Ever had one of those days where you just had to have something? This was the day for me. I had to have a slice of a Tarte au Chocolat. I was that insistent to have my cravings satisfied that I went through the trouble of baking a whole tart. I love chocolate tarts. It’s so simple yet so decadent and so utterly delectable. Smooth and chocolatey with some crunch with every mouthful you take, nothing beats it.
I thoroughly enjoyed the chocolate tart I baked when I was in school. I loved how it was slightly different from other chocolate tarts because of the two different fillings blended together. You have a baked chocolate filling and the other was unbaked. And of course the visual contrast between the two is unmistakably pretty and you know how pretty gets me all the time.
For those who love chocolate tarts as much as I do, I hope this serves you well.
Tarte au Chocolat:
For the Pâte Sucrée
butter (softened) – 150g
icing sugar – 100g
vanilla extract – 1g
eggs – 60g
almond powder – 25g
flour – 250g
baking powder – 5g
For the Crème Prise Chocolat
cream – 65g
milk – 125g
eggs – 60g
caster sugar – 38g
chocolate 64% (chopped) – 50g
For the Chocolate Sauce
water – 65g
glucose – 25g
cream – 100g
chocolate 70% – 100g
For the dough: (ingredients at room temperature)
Preheat the oven to 180C.
Mix the butter, icing sugar and vanilla together until well blended. Add in the eggs slowly, mixing well between each addition until smooth and emulsified.
Add in the dry ingredients and mix until just combined.
Form a ball and pat down, cling film it and let it rest in the fridge till it’s hard enough to work with the dough.
Roll out and line a 20cm tart ring and blind bake it until golden brown and almost baked through. Remove from oven and egg wash the surface of the tart shell and set aside to cool. Reduce the oven to 140C with ventilation.
For the Crème Prise Chocolat:
Whisk the eggs and sugar together.
Boil the milk and cream and temper it in the eggs and sugar.
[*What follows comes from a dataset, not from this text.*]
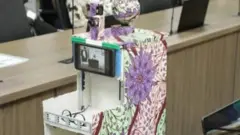 Roboti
Add in the chopped chocolate and whisk until completely melted and smooth.
Using a piston à chinois, fill half of the blind baked tart shell. Return it to the 140C oven and bake until set. It should still tremble in the center. Set aside to cool.
For the Chocolate Sauce:
Boil the water, cream and glucose. Pour it in the chocolate and leave for 1 minute. Stirring from the centre, make an emulsion. Be careful not to incorporate air bubbles. Using the piston à chinois again, fill the cooled tart shell up to the brim. Use a blow torch to remove any bubbles on the surface. Leave to set in the fridge for 2 -3 hours.
Decorate it however you like and cut into wedges to serve with a dollop of cream if desired.